If the torch module that you are looking for is not available in the installed version, you can install it in your home directory by referring to HPC Software Installation Guide.
For the torch version > 2016, please use gpu partition (-p gpu -C gpuk40)

Installed Versions

All the available versions of Torch for use can be viewed by issuing the following command. This applies for other applications as well. Also check the dependency modules - intel/17 and openmpi/2.0.1, to be loaded before loading torch.

module spider torch

output:

---------------------------------------------------------------------------------------------------------------------

Torch: Torch/7

---------------------------------------------------------------------------------------------------------------------

Description:

orch is a scientific computing framework with wide support for machine learning algorithms. It is easy to use

and efficient, thanks to an easy and fast scripting language, LuaJIT, and an underlying C/CUDA implementation.

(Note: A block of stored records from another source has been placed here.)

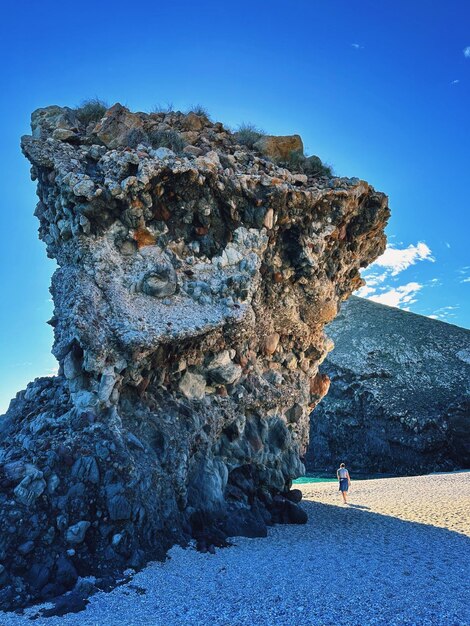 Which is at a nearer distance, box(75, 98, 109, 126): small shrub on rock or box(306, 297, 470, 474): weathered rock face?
box(75, 98, 109, 126): small shrub on rock

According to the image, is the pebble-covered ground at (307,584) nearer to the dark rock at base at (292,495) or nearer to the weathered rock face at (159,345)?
the weathered rock face at (159,345)

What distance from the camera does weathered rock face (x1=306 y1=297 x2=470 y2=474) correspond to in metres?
45.3

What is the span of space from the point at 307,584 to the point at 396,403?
143 ft

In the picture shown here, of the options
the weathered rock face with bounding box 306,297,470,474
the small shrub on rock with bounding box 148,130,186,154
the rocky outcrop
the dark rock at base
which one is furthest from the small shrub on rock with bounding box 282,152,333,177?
the weathered rock face with bounding box 306,297,470,474

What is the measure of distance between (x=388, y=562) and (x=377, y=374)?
4485 centimetres

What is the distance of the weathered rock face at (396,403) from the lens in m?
45.3

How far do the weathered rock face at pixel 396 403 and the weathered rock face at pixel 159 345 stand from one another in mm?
34097

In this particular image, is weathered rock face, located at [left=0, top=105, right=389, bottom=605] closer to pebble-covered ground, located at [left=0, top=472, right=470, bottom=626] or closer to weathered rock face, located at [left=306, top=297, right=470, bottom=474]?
pebble-covered ground, located at [left=0, top=472, right=470, bottom=626]

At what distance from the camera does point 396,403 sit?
48.6m

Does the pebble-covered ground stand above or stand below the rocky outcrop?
below

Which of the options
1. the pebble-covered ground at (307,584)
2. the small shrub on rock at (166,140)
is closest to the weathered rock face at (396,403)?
the pebble-covered ground at (307,584)

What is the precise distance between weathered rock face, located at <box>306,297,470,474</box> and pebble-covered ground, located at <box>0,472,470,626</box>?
113 feet

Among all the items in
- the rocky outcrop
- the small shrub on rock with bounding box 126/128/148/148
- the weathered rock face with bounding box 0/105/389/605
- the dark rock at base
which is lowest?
the dark rock at base

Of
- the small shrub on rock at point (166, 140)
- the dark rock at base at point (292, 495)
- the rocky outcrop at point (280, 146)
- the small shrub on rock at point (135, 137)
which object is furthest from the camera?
the rocky outcrop at point (280, 146) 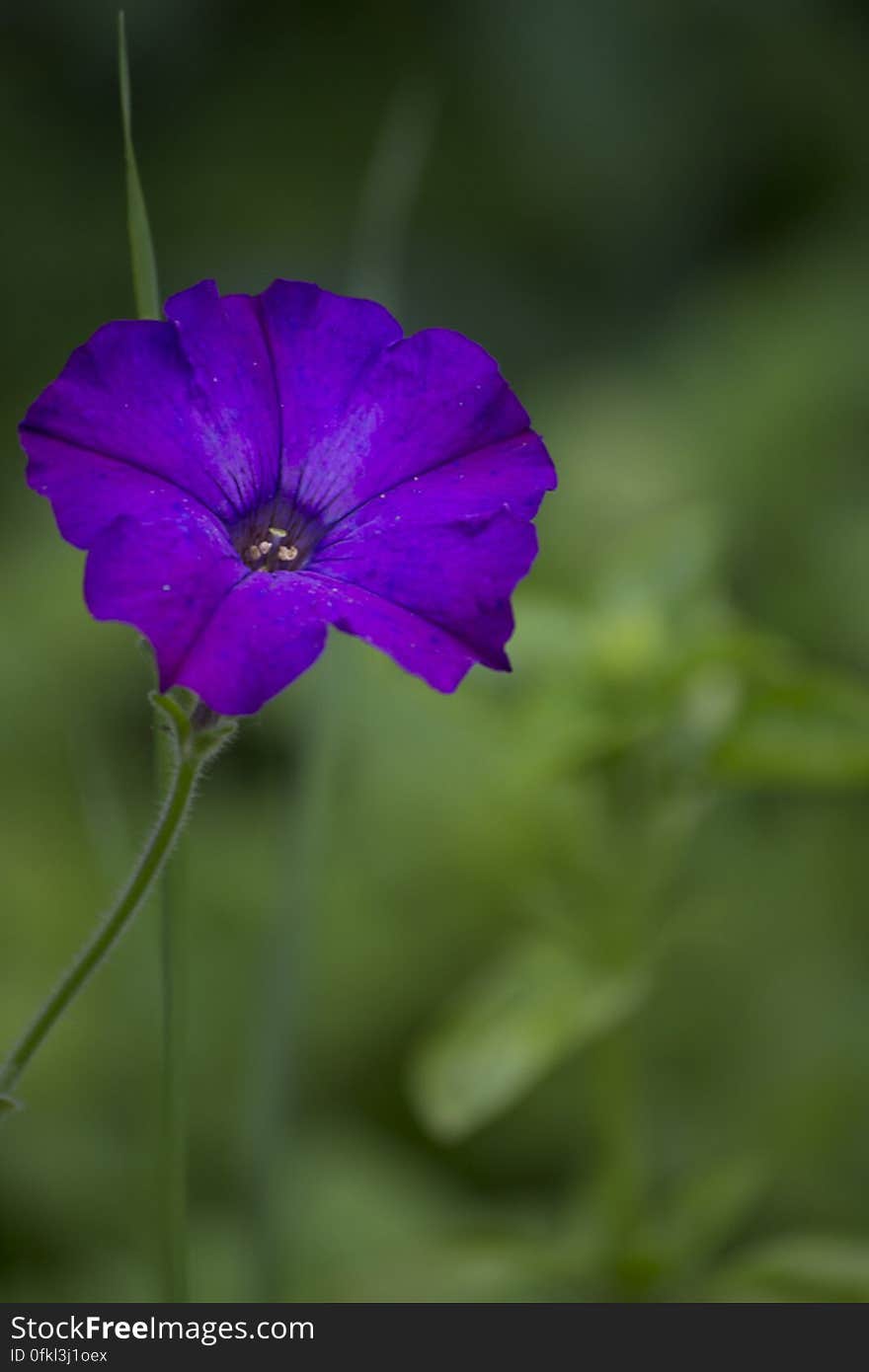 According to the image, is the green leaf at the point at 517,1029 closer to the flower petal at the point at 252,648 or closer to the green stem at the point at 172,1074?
the green stem at the point at 172,1074

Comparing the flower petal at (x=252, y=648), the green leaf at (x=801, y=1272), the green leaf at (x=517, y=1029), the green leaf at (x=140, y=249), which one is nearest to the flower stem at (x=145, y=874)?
the flower petal at (x=252, y=648)

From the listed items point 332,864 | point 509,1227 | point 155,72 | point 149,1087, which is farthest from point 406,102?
point 509,1227

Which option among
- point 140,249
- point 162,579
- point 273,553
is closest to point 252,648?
point 162,579

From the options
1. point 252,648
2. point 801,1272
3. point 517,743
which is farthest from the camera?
point 517,743

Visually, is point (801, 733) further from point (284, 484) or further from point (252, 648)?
point (252, 648)

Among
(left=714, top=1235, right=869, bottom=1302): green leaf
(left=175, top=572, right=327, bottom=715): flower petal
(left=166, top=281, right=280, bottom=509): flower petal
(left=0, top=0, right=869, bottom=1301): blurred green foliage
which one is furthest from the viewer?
(left=0, top=0, right=869, bottom=1301): blurred green foliage

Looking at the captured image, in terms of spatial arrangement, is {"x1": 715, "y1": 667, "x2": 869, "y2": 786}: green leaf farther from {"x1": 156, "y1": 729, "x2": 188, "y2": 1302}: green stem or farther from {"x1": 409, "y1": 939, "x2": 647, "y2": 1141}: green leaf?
{"x1": 156, "y1": 729, "x2": 188, "y2": 1302}: green stem

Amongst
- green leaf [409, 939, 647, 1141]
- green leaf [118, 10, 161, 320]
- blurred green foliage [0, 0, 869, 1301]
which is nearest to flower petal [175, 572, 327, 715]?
green leaf [118, 10, 161, 320]

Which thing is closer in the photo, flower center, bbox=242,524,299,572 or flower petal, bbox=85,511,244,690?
→ flower petal, bbox=85,511,244,690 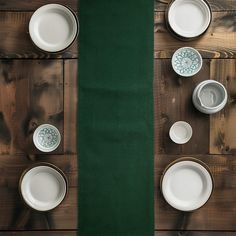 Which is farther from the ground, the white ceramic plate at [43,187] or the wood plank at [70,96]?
the wood plank at [70,96]

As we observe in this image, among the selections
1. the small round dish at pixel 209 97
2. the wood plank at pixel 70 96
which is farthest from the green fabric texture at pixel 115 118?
the small round dish at pixel 209 97

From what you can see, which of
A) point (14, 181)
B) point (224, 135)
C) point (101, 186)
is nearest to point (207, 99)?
point (224, 135)

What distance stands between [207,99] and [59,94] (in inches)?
24.4

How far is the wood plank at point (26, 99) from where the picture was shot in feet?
5.67

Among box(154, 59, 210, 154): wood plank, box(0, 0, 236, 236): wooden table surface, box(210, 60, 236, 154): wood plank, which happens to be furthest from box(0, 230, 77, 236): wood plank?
box(210, 60, 236, 154): wood plank

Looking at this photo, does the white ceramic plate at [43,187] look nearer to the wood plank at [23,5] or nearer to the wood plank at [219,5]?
the wood plank at [23,5]

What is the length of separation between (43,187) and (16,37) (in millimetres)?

You will need to load all module(s) on any one of the lines below before the "Torch/7" module is available to load.

intel/17 openmpi/2.0.1

Running Torch in HPC

Interactive Job

Request a compute node:

srun --pty /bin/bash

Load the module to setup the environment:

module load Torch

Viewing available Torch Modules

List all the installed Modules:

luarocks list

output:

cunn

scm-1 (installed) -

sundown

scm-1 (installed) - /home/sxg125/Software/torch/install/lib/luarocks/rocks

sys

1.1-0 (installed) - /home/sxg125/Software/torch/install/lib/luarocks/rocks

threads

scm-1 (installed) - /home/sxg125/Software/torch/install/lib/luarocks/rocks

torch

scm-1 (installed) - /home/sxg125/Software/torch/install/lib/luarocks/rocks

trepl

scm-1 (installed) - /home/sxg125/Software/torch/install/lib/luarocks/rocks

xlua

1.0-0 (installed) - /home/sxg125/Software/torch/install/lib/luarocks/rocks

....

If you can't find the modules, you can install it using "HPC Software Installation Guide".

Interactive Session:

Load torch module

module load Torch

Run

JIT: ON CMOV SSE2 SSE3 SSE4.1 fold cse dce fwd dse narrow loop abc sink fuse

> require 'torch'

> = torch.Tensor (5):zero()

[torch.DoubleTensor of dimension 5]

th> X = torch.rand(10, 10)

[0.0002s]

th> torch.inverse(X)

0.2060 -0.7466 -1.1770 -0.0381 -0.1921 2.6913 0.2922 1.1897 -2.3227 0.4178

1.3563 0.1284 -1.0628 -0.8171 1.0028 1.2230 0.3770 -0.3027 -0.6269 -0.7469

To exit, type os.exit() at the prompt or ctrl+c twice.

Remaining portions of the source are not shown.